When the proposed particle, the W boson, was finally discovered in 1983, it turned out to be much heavier than what Glashow and his colleagues had expected back in 1960. The Glashow resonance would require a neutrino with an energy of 6.3 PeV, almost 1,000 times more energetic than what CERN's Large Hadron Collider is capable of producing. In fact, no human-made particle accelerator on Earth, current or planned, could create a neutrino with that much energy.

But what about a natural accelerator—in space?

The enormous energies of supermassive black holes at the centers of galaxies and other extreme cosmic events can generate particles with energies impossible to create on Earth.
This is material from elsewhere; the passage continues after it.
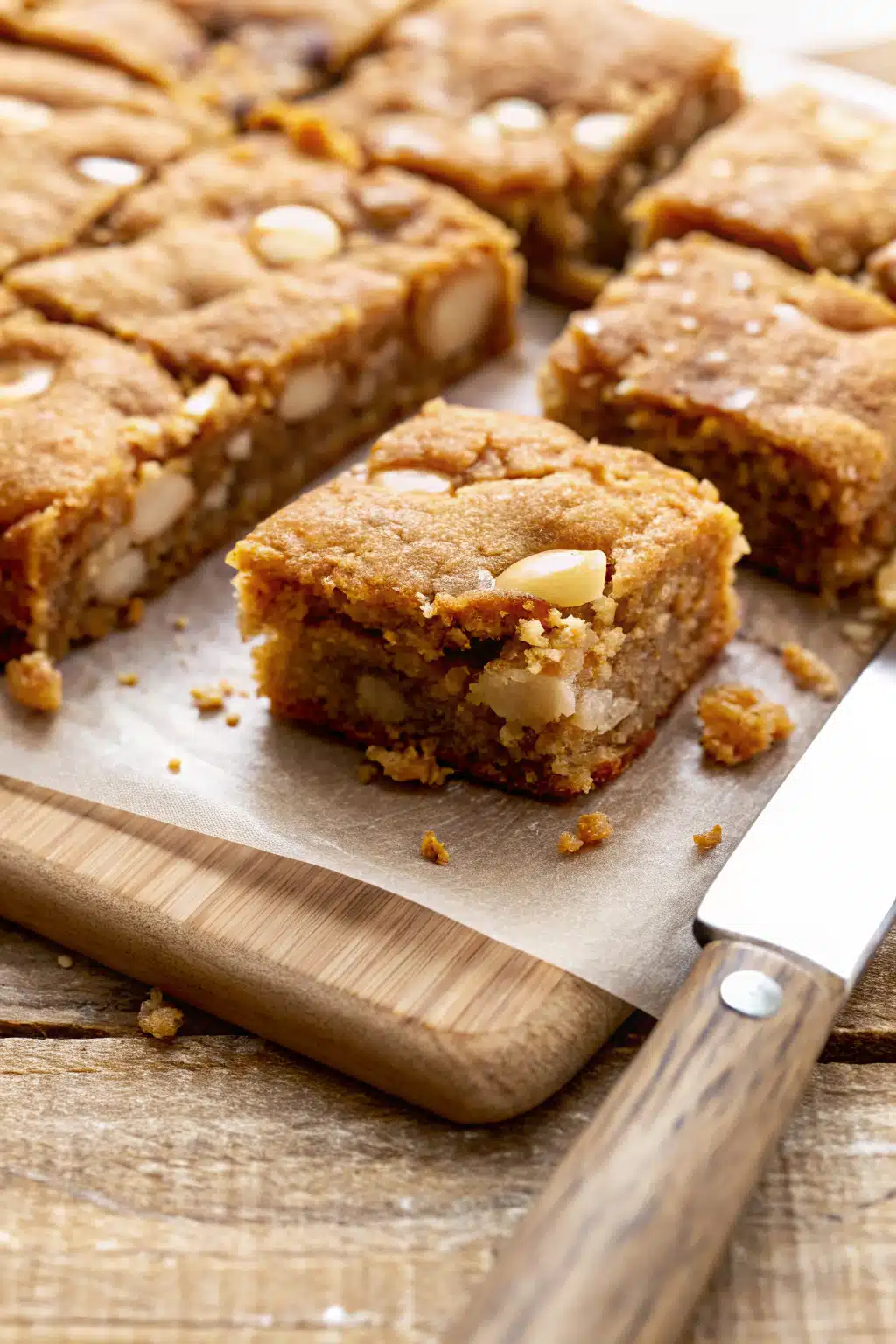 How To Make Blondies slice on plate showing perfect texture and swirl pattern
Such a phenomenon was likely responsible for the 6.3 PeV antineutrino that reached IceCube in 2016.

"When Glashow was a postdoc at Niels Bohr, he could never have imagined that his unconventional proposal for producing the W boson would be realized by an antineutrino from a faraway galaxy crashing into Antarctic ice," said Francis Halzen, Gregory Breit and Hilldale Professor at the University of Wisconsin–Madison, the headquarters of IceCube maintenance and operations, and principal investigator of IceCube.

Since IceCube started full operation in May 2011, the observatory has detected hundreds of high-energy astrophysical neutrinos and has produced a number of significant results in particle astrophysics, including the discovery of an astrophysical neutrino flux in 2013 and the first identification of a source of astrophysical neutrinos in 2018. But the Glashow resonance event is especially noteworthy because of its remarkably high energy; it is only the third event detected by IceCube with an energy greater than 5 PeV.

To confirm the detection and make a decisive measurement of the neutrino-to-antineutrino ratio, the IceCube Collaboration wants to see more Glashow resonances. A proposed expansion of the IceCube detector, IceCube-Gen2, would enable the scientists to make such measurements in a statistically significant way. The collaboration recently announced an upgrade of the detector that will be implemented over the next few years, the first step toward IceCube-Gen2.

Glashow, now an emeritus professor of physics at Boston University, echoes the need for more detections of Glashow resonance events. "To be absolutely sure, we should see another such event at the very same energy as the one that was seen," he said. "So far there's one, and someday there will be more."

Last but not least, the result is a triumph of international collaboration. Since 2013, the Niels Bohr Institute is a full member of the IceCube collaboration which includes over 400 scientists, engineers, and staff from 53 institutions in 12 countries. The main analyzers on this paper worked together across Asia, North America, and Europe.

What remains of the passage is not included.